1934 newspaper reports: 

Mr. J. Chipperfield, proprietor of a boathouse and refreshment-rooms on a bend of the river at the north side of Studley Park, has had a struggle to save his home. Mr. Chipperfield's premises are situated on the neck of a narrow peninsula in ordinary times, but when the flood waters poured down they forced a more direct route, and the boathouse and home are now in the midst of a raging torrent. Yesterday the brick chimney collapsed, and the whole structure appeared to be in imminent danger of being swept away. It had a cant of at least 2ft. Mr. Chipperfield managed to row to the boathouse of a friend, and return with a wire cable 160ft. long. With the assistance of friends he was enabled to stay the building by means of the wire, affixing it to the stout trunks of gum trees in the vicinity. Mrs. Chipperfield and three children are meanwhile housed at the residence of a relative.”


 Following the 1934 flood, the house was restored. The floating pontoon, sometimes referred to as a ‘kiosk’ or ‘canteen’, was used to store canoes. Both were removed in 1972 for the construction of the Eastern Freeway.

(See Zoli’s Straight snippet: https://fairfieldcanoeclub.org.au/create-article-43)

What can we make of our FCC Legends collected memories?

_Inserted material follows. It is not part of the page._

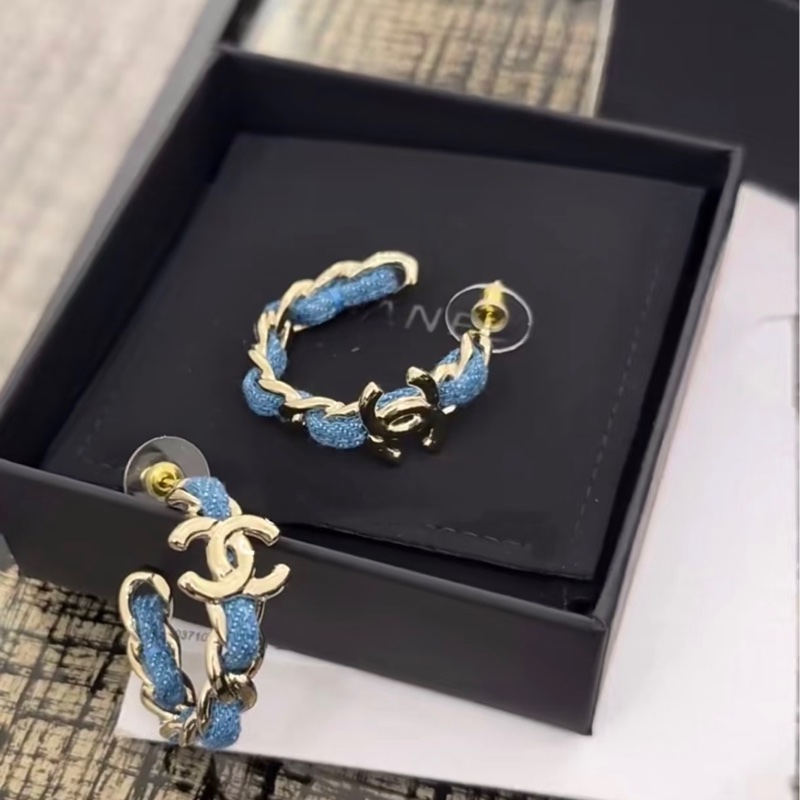 Chanel香奈兒牛仔皮穿耳環-5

Geoff Allen, FCC member in 1950-60’s, recalls that as a child, he used to collect water-lilies from the billabong adjacent to the ‘Moorings’. His father, Fred  Allen, was a member of the FCC in the ‘30’s and used to brag to young Geoff that: “he was very proud of the fact that he held the club record for C1 race to the ‘floating boathouse and back to the club’ for many years”. What Geoff never told his father later was:” I sort of took that as a benchmark for my training sessions. I never told him that I used to beat it regularly. I used to take the old Struer up to there-and-back and try and do it under his time”. Of particular interest is Geoff’s observation that:” I never saw the place actually in operation as a boatshed, it was abandoned by then (by the late Fifties) & somewhat derelict.”

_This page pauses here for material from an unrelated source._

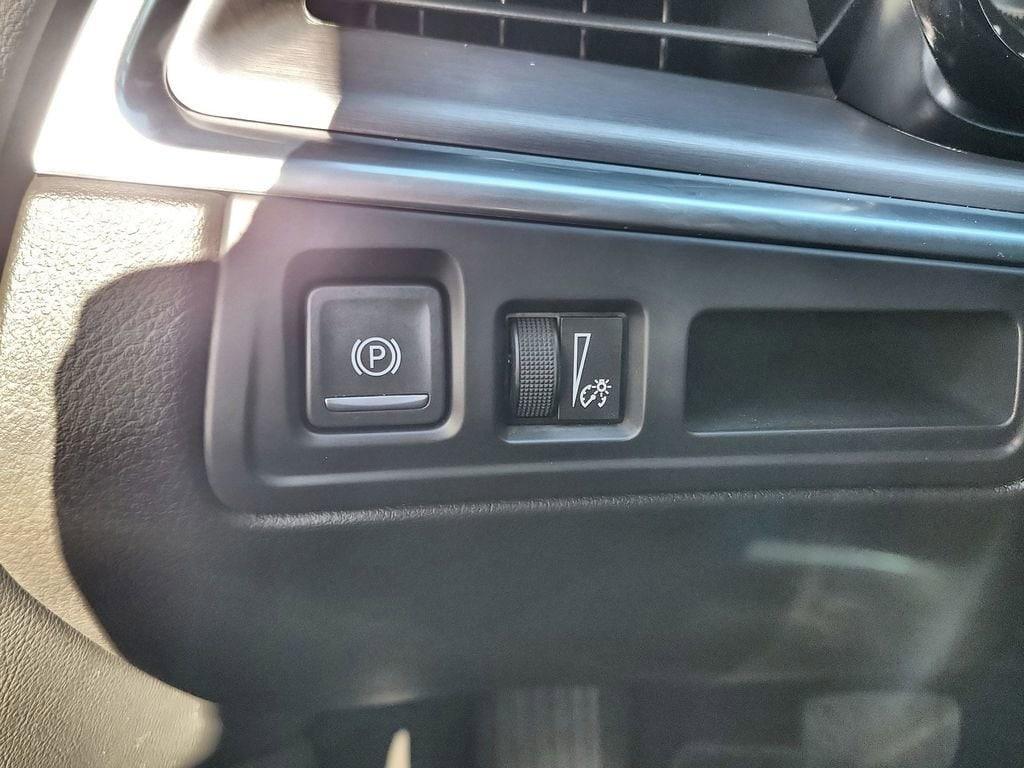 used 2025 Cadillac XT5 car, priced at $42,995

This observation probably goes a long way to explaining why Marg Buck, Ingrid Pich and Jonathan Mayne do not hold any particular memories of “Chipperfields”. Kevin Hannington on the other hand, has good recollections of this floating boatshed as it was at ‘Chippers’ that he and Bryan Harper (Kew Canoe Club)  would regularly launch their C2 to go training, from 1954 right up until 1960. Kevin says that the river was very windy in those days but it was dredged and cleared of fallen trees. In fact, fallen trees were not the feature of today as the banks were held firmly together by the weeping-willow tree roots. He recalls that the river was “deep enough for a ferry to travel up to Bourke Road”, even across the shallower section we encounter today at Darebin Creek junction. Kevin used to paddle to Banksia Street and enjoyed a lovely beach that was on the right-hand bank just upstream of the Bourke Road Bridge.

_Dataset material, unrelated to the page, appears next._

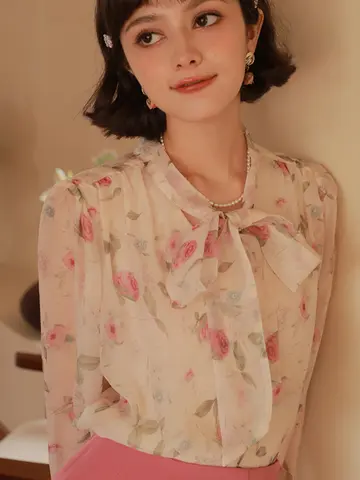 8 best sales romantisk blus - №2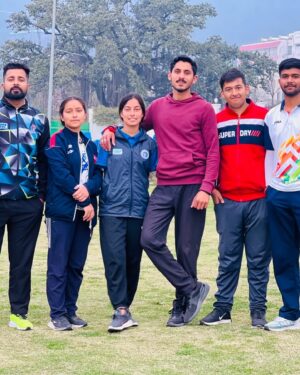 Sheetal Devi Instagram - Celebrating National Sports Day today with a walk down memory lane!. Sharing fun moments of Sheetal Devi and her archery friends... ❤️🤗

There are two more important appendices to our “Chipperfield snippet. The first relates to the famous Australian photographer, Frank Hurley. Evidently Hurley asked FCC to help take some photographs of paddlers on the Yarra. The resultant photo-shoot was organised by Jonathan & Roy Mayne (his father) to have a ‘flotilla”of members on the water.  As Geoff describes: “They wanted everybody up there and look like an 'en masse' group of canoeists enjoying a Sunday afternoon paddle. The photo was taken in that corner of the bend that was very close to Chipperfield’s. It doesn't show the boatshed of course, but it was very close”.

canoe group


group paddle


name in wood


The final, and wonderful, jig-saw piece (appropriate in these COVID lockdown times) also revolves around the Mayne father-&-son combination. Roy Mayne had an old second-hand Peterborough, “Lazy Days”, which would have been built around 1900. Dated by the fact that they encountered a problem with splitting planks, and switched to the close ribbed, narrow plank design sometime about 1914. Roy sold “Lazy Days” but Jonathan recently re-purchased it and, to his great delight whilst restoring it, found that it has “Chipperfields” burnt into the keel. Clearly ‘Lazy Days’ had been a Chipperfield hire boat in a former life!